- _REQUIREMENT_:
Copy nothing but the lines below running from the line containing "A spacious living" through the line containing "sitting room with", both end lines included.

- _SUPPLIED DATA_:
Start of Block

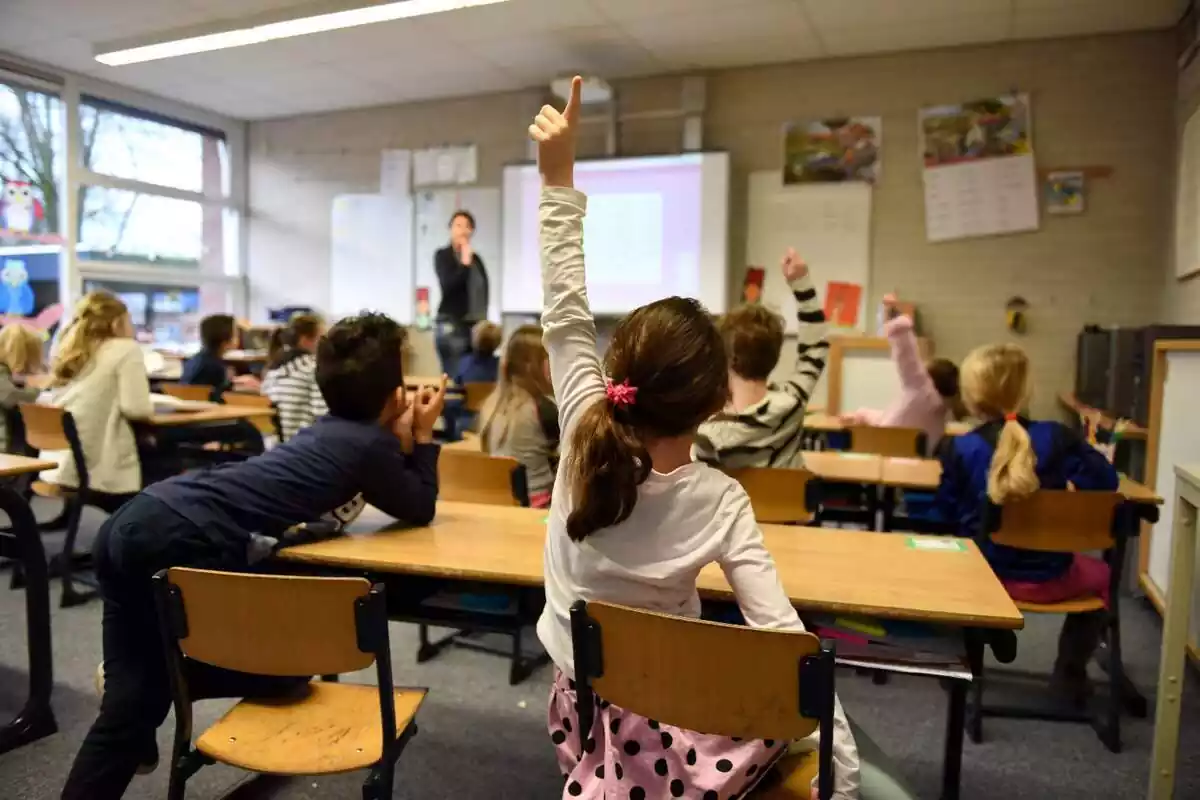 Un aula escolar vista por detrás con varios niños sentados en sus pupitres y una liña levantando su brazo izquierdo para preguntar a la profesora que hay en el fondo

End of Block
Start of Block

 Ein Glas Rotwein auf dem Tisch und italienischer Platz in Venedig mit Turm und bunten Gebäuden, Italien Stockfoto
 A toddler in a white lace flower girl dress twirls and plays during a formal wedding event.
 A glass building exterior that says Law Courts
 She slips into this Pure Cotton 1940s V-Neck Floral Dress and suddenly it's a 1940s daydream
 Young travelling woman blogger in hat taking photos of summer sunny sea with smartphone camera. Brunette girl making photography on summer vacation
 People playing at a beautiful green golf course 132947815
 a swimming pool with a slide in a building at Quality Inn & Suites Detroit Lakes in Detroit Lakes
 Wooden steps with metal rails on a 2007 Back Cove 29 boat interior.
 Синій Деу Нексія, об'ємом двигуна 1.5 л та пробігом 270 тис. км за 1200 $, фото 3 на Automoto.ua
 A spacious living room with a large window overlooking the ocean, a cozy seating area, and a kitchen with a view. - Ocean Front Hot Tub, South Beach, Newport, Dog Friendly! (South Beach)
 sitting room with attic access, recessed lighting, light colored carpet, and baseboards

End of Block

- _WRITTEN SOLUTION_:
 A spacious living room with a large window overlooking the ocean, a cozy seating area, and a kitchen with a view. - Ocean Front Hot Tub, South Beach, Newport, Dog Friendly! (South Beach)
 sitting room with attic access, recessed lighting, light colored carpet, and baseboards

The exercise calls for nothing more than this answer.